17 April 2009

Bee flies (Bombylius spp.)

Insect numbers are increasing as the weather gets warmer.

The bee fly (Bombylius major) is a frequent sight nectaring on primroses and other flowers along the rides.

20090318 BHW Bombylius major 020a

Although they appear to be hovering they normally have their front and second pair of legs resting on the flower while they probe for nectar with their proboscis.  The larvae are parasitic on mining bees.

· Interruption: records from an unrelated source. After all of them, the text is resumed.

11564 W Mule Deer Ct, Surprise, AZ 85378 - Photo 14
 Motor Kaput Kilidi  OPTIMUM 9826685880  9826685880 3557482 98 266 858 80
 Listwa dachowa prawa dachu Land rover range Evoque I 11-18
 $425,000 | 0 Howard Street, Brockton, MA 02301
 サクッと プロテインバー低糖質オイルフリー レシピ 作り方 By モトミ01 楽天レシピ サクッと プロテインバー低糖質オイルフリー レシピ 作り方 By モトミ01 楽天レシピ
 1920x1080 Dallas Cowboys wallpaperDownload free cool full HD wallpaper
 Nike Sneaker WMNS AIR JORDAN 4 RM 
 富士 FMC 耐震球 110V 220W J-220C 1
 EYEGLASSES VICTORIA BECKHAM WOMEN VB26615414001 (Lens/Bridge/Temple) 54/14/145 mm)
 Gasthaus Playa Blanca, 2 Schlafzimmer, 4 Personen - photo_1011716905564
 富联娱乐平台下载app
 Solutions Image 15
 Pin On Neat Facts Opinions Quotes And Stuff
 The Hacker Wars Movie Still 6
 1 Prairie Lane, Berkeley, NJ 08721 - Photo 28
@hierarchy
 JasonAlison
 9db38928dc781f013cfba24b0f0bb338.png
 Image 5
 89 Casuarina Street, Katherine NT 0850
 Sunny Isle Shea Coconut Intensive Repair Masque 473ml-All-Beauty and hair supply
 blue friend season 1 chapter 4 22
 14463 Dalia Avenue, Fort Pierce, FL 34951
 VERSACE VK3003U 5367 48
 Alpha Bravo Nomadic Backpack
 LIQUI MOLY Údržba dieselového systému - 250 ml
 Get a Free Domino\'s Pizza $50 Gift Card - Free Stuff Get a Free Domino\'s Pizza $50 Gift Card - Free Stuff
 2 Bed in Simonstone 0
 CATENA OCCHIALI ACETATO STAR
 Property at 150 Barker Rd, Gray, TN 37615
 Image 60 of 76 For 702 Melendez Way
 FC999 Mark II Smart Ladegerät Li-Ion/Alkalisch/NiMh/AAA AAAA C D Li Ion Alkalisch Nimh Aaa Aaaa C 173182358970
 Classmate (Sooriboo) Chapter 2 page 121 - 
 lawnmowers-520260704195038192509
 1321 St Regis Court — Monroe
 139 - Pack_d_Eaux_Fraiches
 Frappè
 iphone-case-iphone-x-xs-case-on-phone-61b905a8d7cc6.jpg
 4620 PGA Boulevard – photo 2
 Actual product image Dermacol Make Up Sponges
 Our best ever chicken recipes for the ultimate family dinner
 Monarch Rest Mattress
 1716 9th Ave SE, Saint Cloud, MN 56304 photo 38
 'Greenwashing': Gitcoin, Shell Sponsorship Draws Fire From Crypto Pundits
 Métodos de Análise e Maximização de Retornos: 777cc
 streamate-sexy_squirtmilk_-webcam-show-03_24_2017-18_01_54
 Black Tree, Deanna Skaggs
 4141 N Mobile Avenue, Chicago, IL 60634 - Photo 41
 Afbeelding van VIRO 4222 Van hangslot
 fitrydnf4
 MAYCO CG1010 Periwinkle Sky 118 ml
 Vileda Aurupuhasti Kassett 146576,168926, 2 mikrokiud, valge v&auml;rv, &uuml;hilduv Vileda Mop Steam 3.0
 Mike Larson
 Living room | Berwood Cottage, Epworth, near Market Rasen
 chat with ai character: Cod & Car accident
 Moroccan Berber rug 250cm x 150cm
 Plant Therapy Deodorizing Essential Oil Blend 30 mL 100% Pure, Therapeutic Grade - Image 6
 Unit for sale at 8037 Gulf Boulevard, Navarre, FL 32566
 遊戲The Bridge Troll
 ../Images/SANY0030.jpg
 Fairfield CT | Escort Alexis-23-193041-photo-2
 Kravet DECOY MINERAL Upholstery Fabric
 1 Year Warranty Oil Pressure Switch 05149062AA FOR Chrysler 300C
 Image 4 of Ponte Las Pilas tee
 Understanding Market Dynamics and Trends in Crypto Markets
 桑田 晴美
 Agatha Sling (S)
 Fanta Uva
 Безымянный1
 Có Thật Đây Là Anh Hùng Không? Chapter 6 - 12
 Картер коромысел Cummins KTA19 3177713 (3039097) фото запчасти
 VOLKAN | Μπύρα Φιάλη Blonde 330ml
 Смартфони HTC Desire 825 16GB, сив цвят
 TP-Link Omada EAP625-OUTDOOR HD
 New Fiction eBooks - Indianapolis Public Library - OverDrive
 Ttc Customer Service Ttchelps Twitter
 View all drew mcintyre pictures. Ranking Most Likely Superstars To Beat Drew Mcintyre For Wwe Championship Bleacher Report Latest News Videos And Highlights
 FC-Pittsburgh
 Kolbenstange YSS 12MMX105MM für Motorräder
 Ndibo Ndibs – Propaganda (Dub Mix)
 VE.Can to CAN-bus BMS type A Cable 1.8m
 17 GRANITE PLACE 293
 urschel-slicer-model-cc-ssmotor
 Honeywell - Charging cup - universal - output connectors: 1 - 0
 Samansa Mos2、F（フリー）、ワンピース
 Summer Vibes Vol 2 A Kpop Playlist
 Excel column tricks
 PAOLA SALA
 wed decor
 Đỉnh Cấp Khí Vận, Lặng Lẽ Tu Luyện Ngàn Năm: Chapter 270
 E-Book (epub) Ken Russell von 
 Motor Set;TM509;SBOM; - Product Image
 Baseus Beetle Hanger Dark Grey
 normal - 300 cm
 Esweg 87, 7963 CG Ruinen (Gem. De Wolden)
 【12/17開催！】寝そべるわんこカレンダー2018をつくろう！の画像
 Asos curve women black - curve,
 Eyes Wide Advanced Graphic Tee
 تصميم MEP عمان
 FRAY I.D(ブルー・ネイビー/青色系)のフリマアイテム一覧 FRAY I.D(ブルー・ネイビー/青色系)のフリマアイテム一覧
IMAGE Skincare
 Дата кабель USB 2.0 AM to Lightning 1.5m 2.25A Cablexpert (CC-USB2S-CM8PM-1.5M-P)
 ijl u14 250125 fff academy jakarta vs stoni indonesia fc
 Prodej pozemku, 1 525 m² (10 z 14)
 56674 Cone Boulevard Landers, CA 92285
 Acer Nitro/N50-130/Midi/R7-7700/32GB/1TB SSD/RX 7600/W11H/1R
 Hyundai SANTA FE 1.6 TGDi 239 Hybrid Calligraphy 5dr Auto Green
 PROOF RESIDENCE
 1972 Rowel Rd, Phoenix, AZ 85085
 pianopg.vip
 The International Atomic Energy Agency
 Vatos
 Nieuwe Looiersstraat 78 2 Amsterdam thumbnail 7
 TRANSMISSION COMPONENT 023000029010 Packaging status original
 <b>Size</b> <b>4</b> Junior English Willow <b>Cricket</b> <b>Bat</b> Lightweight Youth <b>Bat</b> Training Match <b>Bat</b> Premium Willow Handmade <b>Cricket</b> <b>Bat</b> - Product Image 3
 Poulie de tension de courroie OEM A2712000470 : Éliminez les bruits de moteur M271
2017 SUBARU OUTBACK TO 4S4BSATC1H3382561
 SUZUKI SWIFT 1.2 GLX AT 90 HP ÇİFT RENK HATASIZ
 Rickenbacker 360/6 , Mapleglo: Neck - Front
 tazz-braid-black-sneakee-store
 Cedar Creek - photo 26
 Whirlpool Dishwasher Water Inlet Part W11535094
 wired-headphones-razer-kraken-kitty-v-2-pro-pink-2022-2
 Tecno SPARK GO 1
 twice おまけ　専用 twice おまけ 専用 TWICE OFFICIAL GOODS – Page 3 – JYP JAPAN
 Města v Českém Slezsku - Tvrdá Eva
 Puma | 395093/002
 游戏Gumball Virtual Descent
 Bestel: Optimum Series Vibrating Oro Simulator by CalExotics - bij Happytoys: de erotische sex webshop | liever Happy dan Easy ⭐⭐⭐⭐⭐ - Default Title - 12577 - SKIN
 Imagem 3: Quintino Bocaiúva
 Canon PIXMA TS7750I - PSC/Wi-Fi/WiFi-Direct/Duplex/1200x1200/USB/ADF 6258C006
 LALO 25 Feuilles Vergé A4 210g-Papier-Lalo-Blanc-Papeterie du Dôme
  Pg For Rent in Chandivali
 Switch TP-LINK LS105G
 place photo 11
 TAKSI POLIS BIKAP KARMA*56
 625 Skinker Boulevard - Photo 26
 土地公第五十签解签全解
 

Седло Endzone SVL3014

There is another, slightly larger, species in Sussex: the dotted bee fly (Bombylius discolor).  This has declined seriously in the last 50 years and was, until recently, only found on the coast, but it now appears to be spreading inland again.  As the name indicates it has dark spots on its wings in addition to a somewhat smaller dark bar on the leading edge.

16 April 2009

Loveliest of trees

The wild cherry trees (Prunus avium) in Brede High Woods are in full bloom now, but it is a very fleeting event.

20080503 Brede High Woods Austford Farm cherry

Such a brief burst of beauty is always, somehow, tinged with sadness, with the idea of the fleetingness of things nowhere better expressed than in A. E. Housman's untitled poem:

Loveliest of trees, the cherry now
Is hung with bloom along the bough,
And stands about the woodland ride
Wearing white for Eastertide.

Now, of my three score years and ten,
Twenty will not come again,
And take from seventy springs a score,
It only leaves me fifty more.

And since to look at things in bloom
Fifty springs are little room,
About the woodlands I will go
To see the cherry hung with snow.


20090411 BHW 5b wild cherry flowers  051

15 April 2009

Brede High Chimaki

Inspired by discovery that leaves of the broad-leaved bamboo can be used to make chimaki (Japanese rice dumplings), I had a go myself using leaves from the Austford plant in Streetfield Wood and binding them with garden raffia (which my grandfather always used to call 'bast').

20090411 BHW 2g  chimaki bamboo wraps 002

The parcels were filled with cooked rice mixed with an equal part of ham, prawns and mushrooms and seasoned with Chinese five spice and soy sauce.  They were steamed for several hours and we ate some hot and some cold.

Everyone said they were delicious, though I have tasted better things.

12 April 2009

Easter eggs

Yesterday, Easter Saturday, I was in Brede High Woods with Ellie, our 5-year-old granddaughter and she spotted a gleaming white object in a small tree trunk cavity where a branch formerly grew.

20090411 BHW 064

It was the egg sac of a fairy-lamp spider, Agroeca, probably Agroeca brunnea which always has this characteristic shape.

I reflected how, to me (if not quite to Ellie), this Easter egg manifestation was so much more meaningful than the gold and silver paper glitz of the commercial chocolate eggs that fill the shops at this time of year.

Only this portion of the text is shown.